Terry Pratchett kazał zniszczyć swoje niedokończone książki. Żeby nikt na nim nie żerował

Kochany na całym świecie pisarz fantasy, Terry Pratchett, już nigdy nie zaskoczy nas nowymi, odkrytymi pośmiertnie tekstami. Zgodnie z jego wolą dysk twardy z jego roboczymi tekstami rozjechano parowym walcem. Dlaczego tego chciał?
Terry Pratchett kazał zniszczyć swoje niedokończone książki. Żeby nikt na nim nie żerował

Wszystko odbyło się tak, jak zaplanował autor – piękny parowy walec marki John Fowler & Co nazwany Lord Jericho pojawił się na plenerowej imprezie Great Dorset Steam Fair w ramach otwarcia nowej wystawy poświęconej życiu i twórczości pisarza. Dwa lata temu autor popularnej serii opowieści ze Świata Dysku zmarł po długiej batalii z chorobą Alzheimera. 

Zaraz po jego odejściu Neil Gaiman, także pisarz fantasy (równie kultowy wśród fanów gatunku), przyjaciel i częsty wspólpracownik Pratchetta powiedział, że jednym z ostatnich życzeń twórcy przygód czarodzieja Rincewinda było to by “wszystko nad czym pracował w dniu śmierci, włącznie z jego komputerami, zostało rozjechane przez parowy walec.”

Na portalu Twitter w ubiegły piątek zarządzający majątkiem pisarza Rob Wilkins zamieścił zdjęcia i ogłosił światu, że spełnił życzenie autora. 

Życzenie pisarza jest zrozumiałe, gdy zna się jego obecne w książkach wyjątkowe poczucie humoru oraz dystans do siebie, swoich bohaterów i całego świata.  

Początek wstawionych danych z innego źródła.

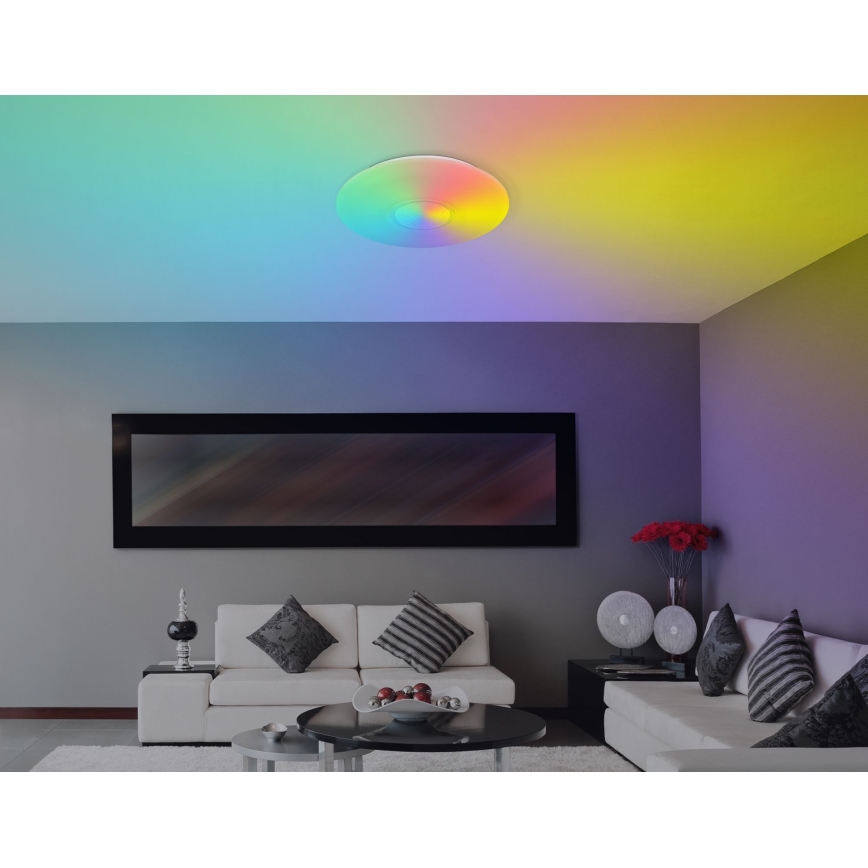 Globo - RGBW Димируем плафон LED/40W/230V 3000-6500K + дистанционно управление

Decyzję Pratchetta nietrudno zrozumieć obserwując losy twórczości wielu artystów po ich śmierci, kiedy do dziś każda najmniejsza pamiątka, skrawek zapisków, niedokończona piosenka, cokolwiek – wszystko wystawiane jest na sprzedaż i wyciskane jak cytryna by zarobić na znanym nazwisku -> zobaczcie galerię artystów, których twórczość i osoby spotkał taki los

Autor ponad 70 powieści dowiedział się o chorobie w 2007 roku, od tego czasu angażował się w kampanie na rzecz legalizacji świadomej eutanazji, wystąpił między innymi w filmie dokumentalnym BBC pod tytułem “Terry Pratchett: Choosing to Die.”